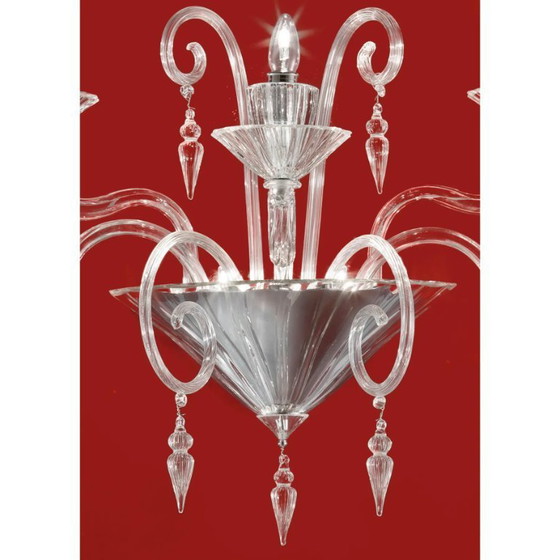 Image 1 of Statement Imperial Murano Glass „Rigadin“ Wandleuchte aus transparentem Glas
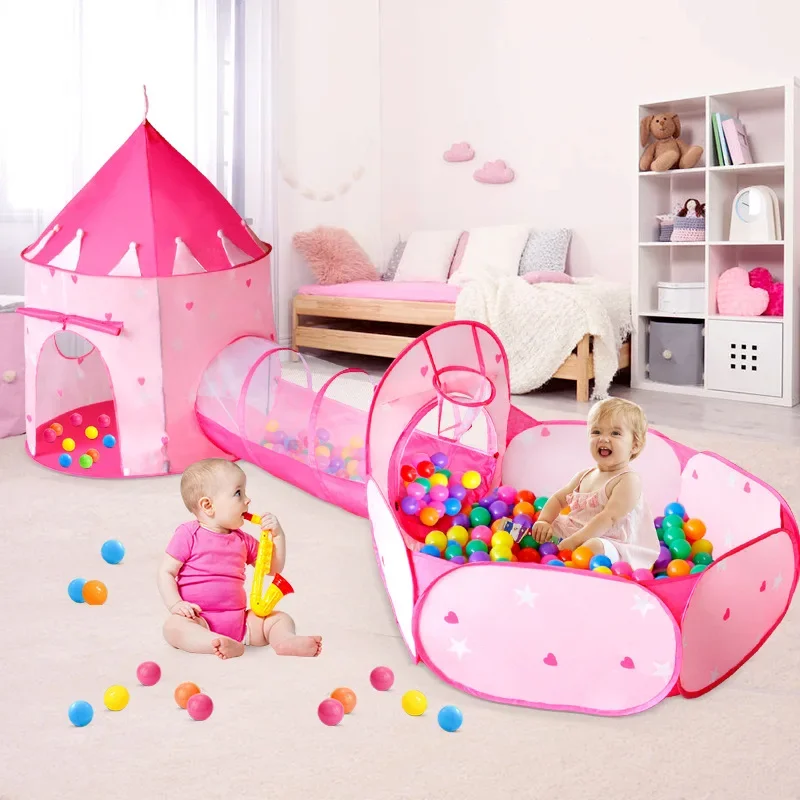 3 In 1 Kid Tent House Play Toy Tunnel Crawling Playhouse Castle Portable Children Ocean Ball Pool Pit Baby Folded Indoor Outdoor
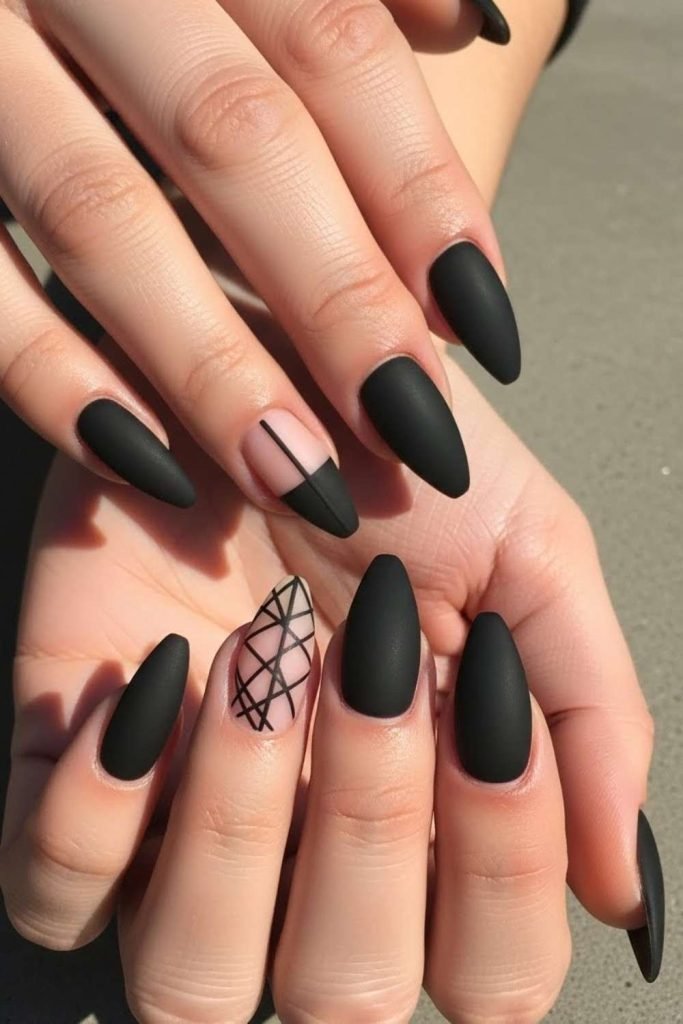Matte Black Nails With Negative Space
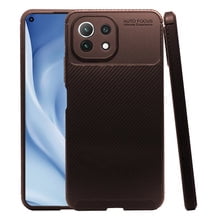 Atti Rugged Carbon Xiaomi Mi 11 Lite 4g/5g Café 1pz Mas Mica 9D Atti Funda de Silicon Uso Rudo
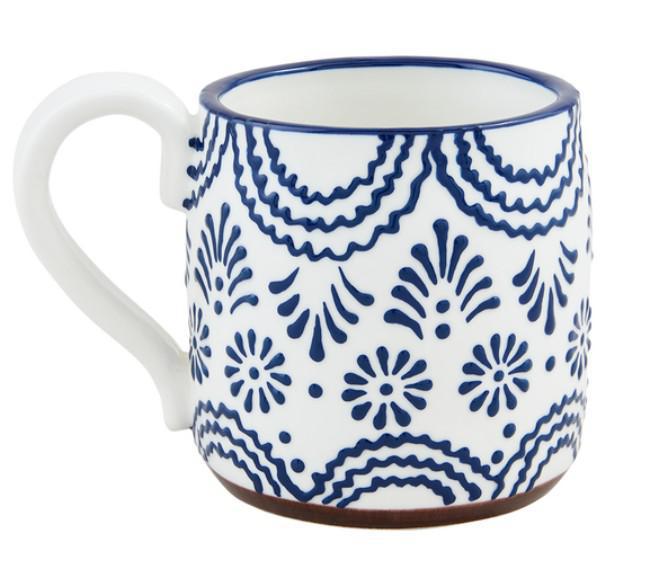 Mud Pie Flowers Blue Floral Mug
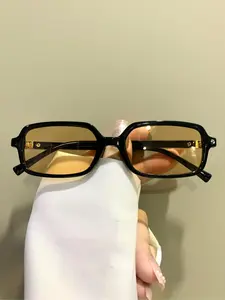 Unisex Vintage Rectangle Frame Eyeglasses, Stylish Square Frames, Trendy Casual Glasses for Everyday Use, Fashion Accessories for Outdoor Activities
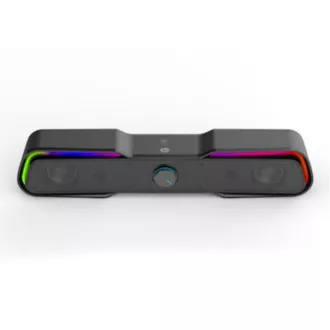 HP Soundbar DHE-6002, 2.0, 6W, negru, iluminat din spate HP Soundbar DHE-6002, 2.0, 6W, negru, iluminat din spate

YOUR ASSIGNMENT – Please return, without any change, the lines from the line containing "Mud Pie Flowers Blue Floral Mug" through the last line of the entries, dropping the pictures.

RESPONSE TO THIS EXERCISE –
 Mud Pie Flowers Blue Floral Mug
 Unisex Vintage Rectangle Frame Eyeglasses, Stylish Square Frames, Trendy Casual Glasses for Everyday Use, Fashion Accessories for Outdoor Activities
 HP Soundbar DHE-6002, 2.0, 6W, negru, iluminat din spate HP Soundbar DHE-6002, 2.0, 6W, negru, iluminat din spate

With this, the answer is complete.